6. The smoking article of claim 4, wherein the smoking article is a cigarette and the supramolecular assembly is present within the rod or in a paper wrapper thereof, within the filter or in a paper wrapper thereof, and/or at or near the rod/filter element interface.

7. The smoking article of claim 4, wherein the supramolecular assembly is present within the rod and toward the downstream end of the rod.

8. The smoking article of claim 4, wherein the filter comprises a sorbent.

9. The smoking article of claim 8, wherein the sorbent comprises at least one selected from the group consisting of at least one sorbent selected from the group consisting of carbons, aluminas, silicates, molecular sieves, polymeric materials, zeolites and metal particles.

10. The smoking article of claim 8, wherein the sorbent comprises active carbon.

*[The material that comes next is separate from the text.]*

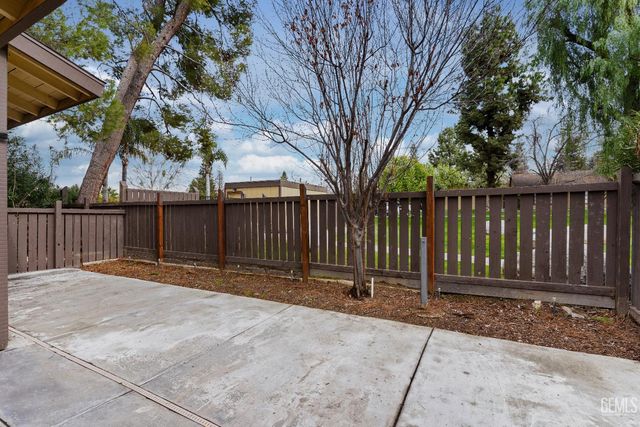 11938 Laver Court, Bakersfield, CA 93306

11. A method for preparing the smoking article of claim 4, comprising:

(a) preparing a supramolecular assembly; and

(b) incorporating the supramolecular assembly into a smoking article.

12. The method of claim 11, wherein the smoking article is a cigarette.

13. A method for control-releasing flavor comprising:

(a) incorporating a supramolecular assembly into a smoking article; and

(b) releasing a flavorant from the supramolecular assembly,

wherein the supramolecular assembly comprises the flavorant and at least one selected from the group consisting of O,O′-dibenzoyl-(2R,3R)-tartaric acid, a hydrate thereof or a salt thereof, and ditoluoyl-(2R,3R)-tartaric acid, a hydrate thereof or a salt thereof.

14. The method of claim 13, wherein the step (b) is carried out by heating the supramolecular assembly or contacting the supramolecular assembly with water at an elevated temperature.

15. The method of claim 14, wherein the elevated temperature is about 80° C. or higher.